A reintroduced "Baby Bond Bill" wants to make it easier for all families to build wealth.

For many families, saving for their child's future while tackling everyday bills and rising living costs can be challenging. Many children start their adult years with minimal or no savings, further impacting the racial wealth gap in the country. But the recently reintroduced American Opportunity Accounts Act could help children be more financially prepared as they enter adulthood and help them build wealth. The proposed legislation aims to narrow the racial wealth gap and provide greater opportunity for all Americans.

The American Opportunity Accounts Act could help many families

Originally introduced in 2021, Congresswoman Ayanna Pressley and Senator Cory Booker have recently reintroduced the American Opportunity Accounts Act. The proposed legislation hopes to make economic opportunities a birthright for every American child. This 'Baby Bond Bill' would create a $1,000 federally-funded savings account for each child at birth.

The funds would be held in an interest-bearing account managed by the Treasury Department and earn around 3% interest. Additional annual deposits would also be made, depending on family income. Lower-income families could qualify for up to $2,000 yearly deposits and supplemental payments would gradually phase out for families with higher income.

A closer look at how supplemental payments would work

Yearly supplemental payment amounts range from $250 to $2,000, depending on household income. For example, a family of four with a household income of less than $25,100 would qualify for a $2,000 annual deposit per child.
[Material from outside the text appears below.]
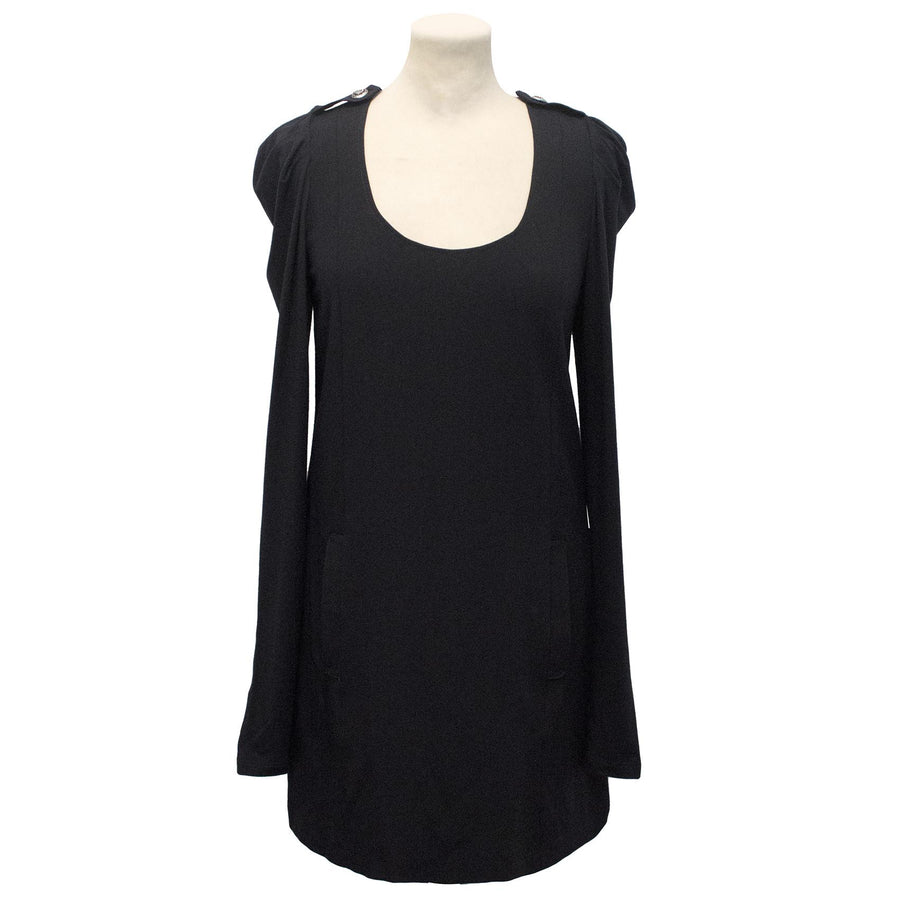 Patrizia Pepe Midnight Blue Wool blend Long Sleeve Dress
On the other hand, a family of four with a household income of $81,575 would only receive $250 in yearly payments per child.

At 18, account holders could access the funds for allowable uses, like paying for educational expenses or buying a home. Below are the proposed household income limits for supplemental payment amounts and the estimated account maturity for an 18-year-old:

Income Household income for family of 4 Supplemental payment amount (yearly) Estimated account balance for 18 year old
<100% Federal Poverty Level (FPL) <$25,100 $2,000 $46,215
125% of FPL $31,375 $1,500 $35,081
175% of FPL $43,925 $1,000 $23,948
225% of FPL $56,475 $500 $12,815
325% of FPL $81,575 $250 $7,248
500% of FPL $125,751 $0 $1,681
Data source: Congresswoman Ayanna Pressley's website.
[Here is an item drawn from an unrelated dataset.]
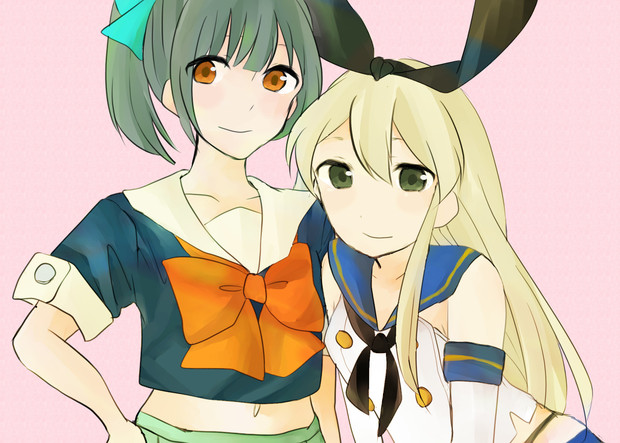 夕張と島風 うづめ さんのイラスト ニコニコ静画 イラスト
The racial wealth gap continues to be a problem

The racial wealth gap in the U.S. has narrowed over time, but continues to be a concern. Recent data from the Federal Reserve Bank of St. Louis shows that the racial wealth gap is significant. Most Black and Hispanic families are less wealthy than the typical white family. In 2019, the median white family owned about $184,000 in family wealth. However, the median Black family owned $23,000, and the median Hispanic family owned $38,000.

Reduced wealth can impact the personal finance situation of families for a lifetime. U.S. families of color are less likely to own various types of assets when compared to white families. Additionally, Black and Hispanic families tend to have more debt.

State baby bond programs are increasing in popularity

This proposed federal legislation could set many Americans up for greater financial success and help to narrow the wealth gap. But will it ever be signed into law? Only time will tell. In recent years, similar state-level proposed baby bond programs have become popular.

Several U.S. states have introduced legislation, while others have successfully passed such policies. Hopefully, additional states will introduce legislation like this to help families increase their wealth and set their children up for financial success.